## DATA:
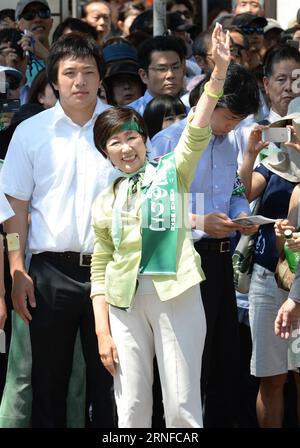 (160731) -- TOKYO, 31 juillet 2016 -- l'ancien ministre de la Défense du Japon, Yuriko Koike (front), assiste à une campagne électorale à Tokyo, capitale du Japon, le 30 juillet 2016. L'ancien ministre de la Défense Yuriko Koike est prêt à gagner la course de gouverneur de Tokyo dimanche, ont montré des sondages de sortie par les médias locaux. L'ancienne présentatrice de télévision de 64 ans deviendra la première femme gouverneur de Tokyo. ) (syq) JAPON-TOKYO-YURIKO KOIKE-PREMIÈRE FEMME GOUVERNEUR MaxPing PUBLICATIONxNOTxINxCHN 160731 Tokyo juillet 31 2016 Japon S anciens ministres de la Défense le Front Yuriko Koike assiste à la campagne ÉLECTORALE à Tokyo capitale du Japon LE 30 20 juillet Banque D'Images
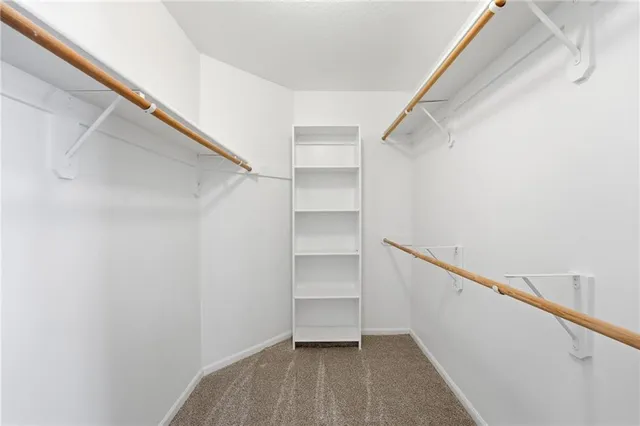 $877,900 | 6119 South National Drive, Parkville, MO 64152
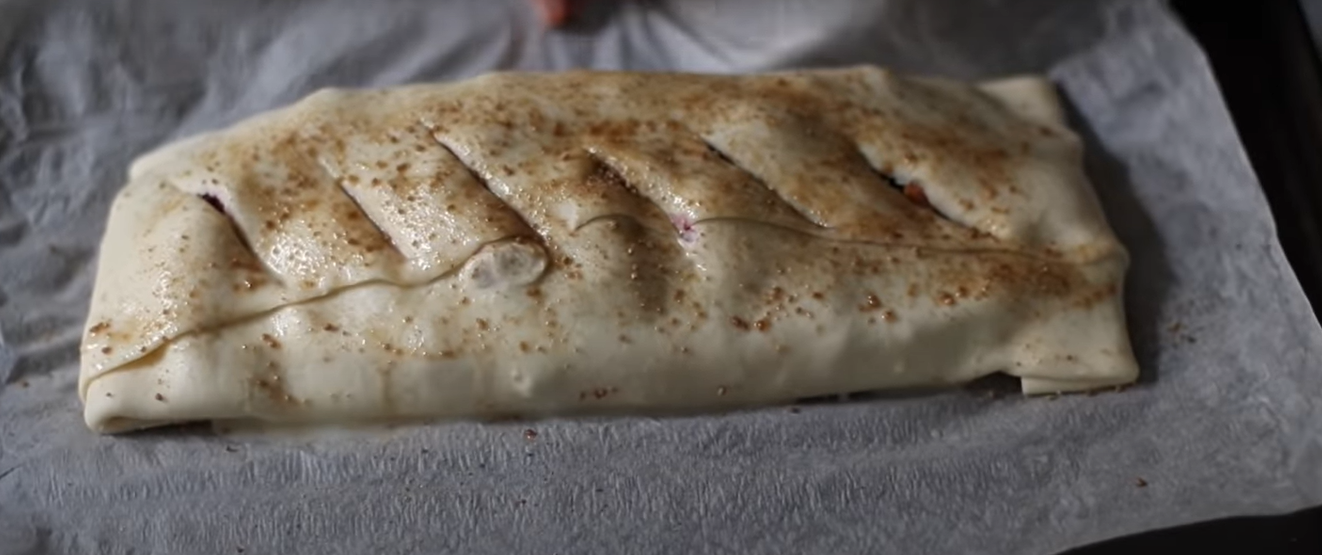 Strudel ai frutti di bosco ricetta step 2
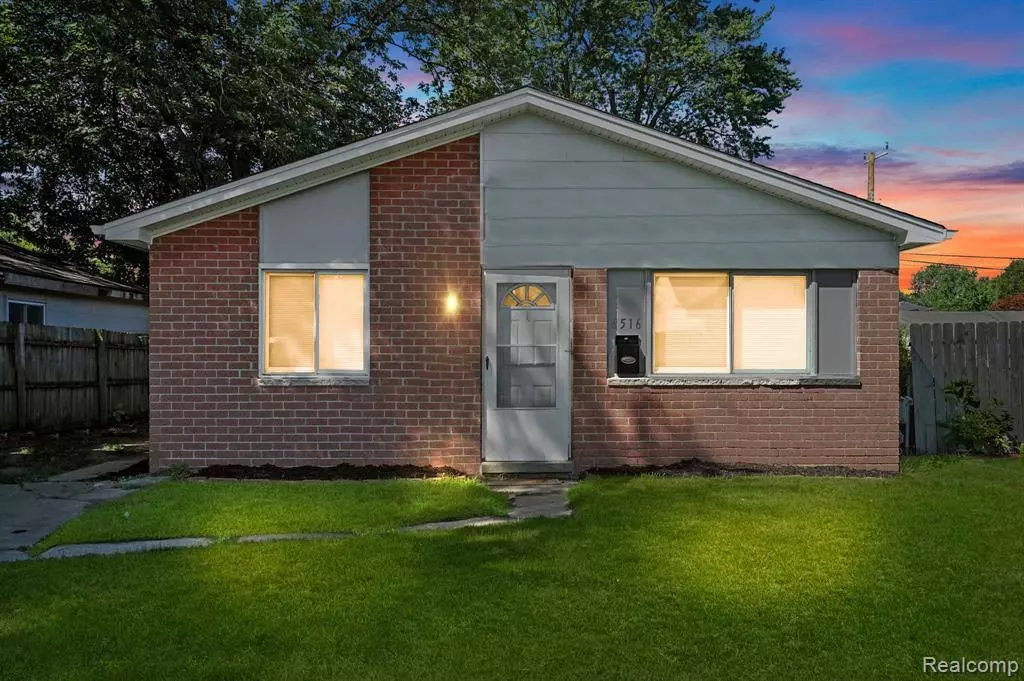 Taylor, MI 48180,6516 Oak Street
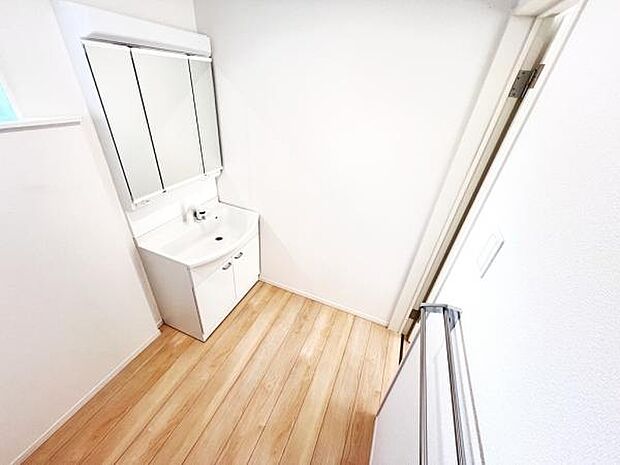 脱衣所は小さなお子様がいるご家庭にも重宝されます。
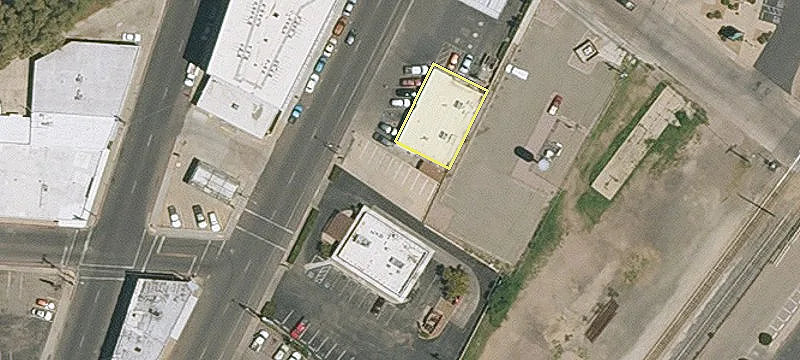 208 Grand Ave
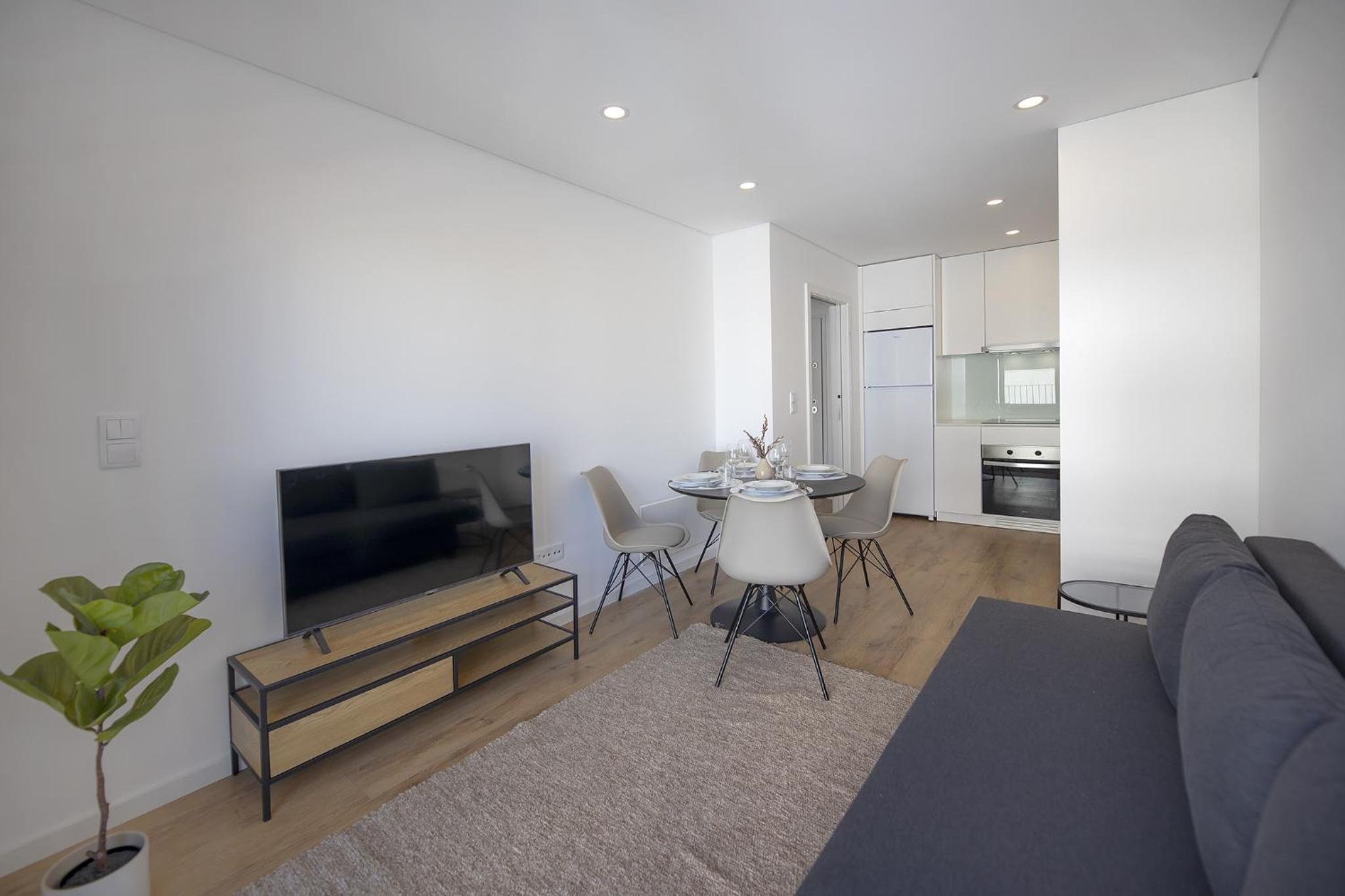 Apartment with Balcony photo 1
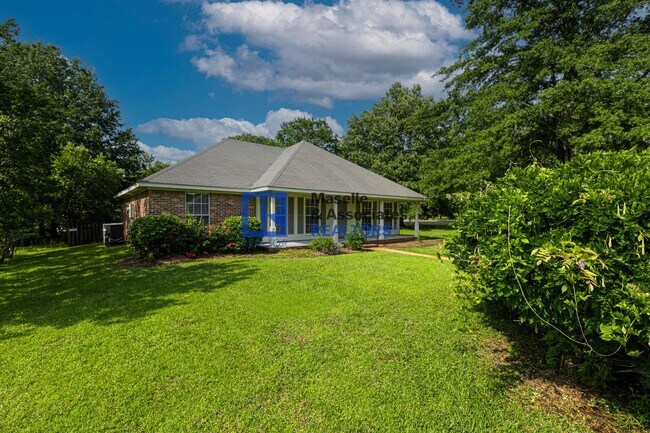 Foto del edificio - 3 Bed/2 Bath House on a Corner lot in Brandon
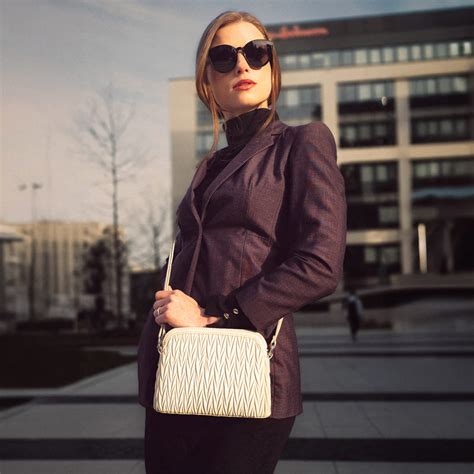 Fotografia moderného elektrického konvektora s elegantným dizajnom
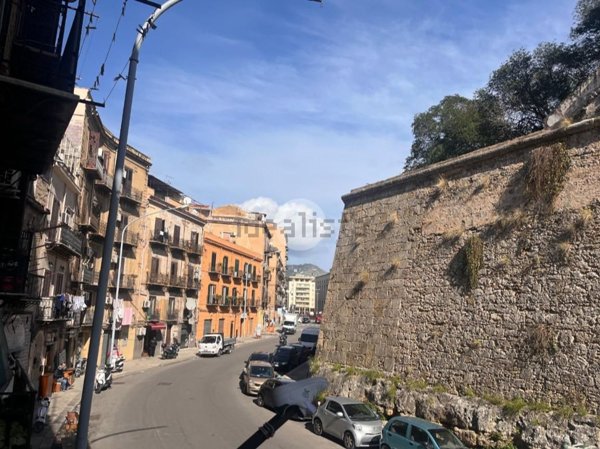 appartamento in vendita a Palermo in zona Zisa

## ASSIGNMENT:
Pictures stay out; reproduce exactly the lines from the one containing "Apartment with Balcony photo 1" through the last line of the listing, both included.

## WRITTEN RESPONSE:
 Apartment with Balcony photo 1
 Foto del edificio - 3 Bed/2 Bath House on a Corner lot in Brandon
 Fotografia moderného elektrického konvektora s elegantným dizajnom
 appartamento in vendita a Palermo in zona Zisa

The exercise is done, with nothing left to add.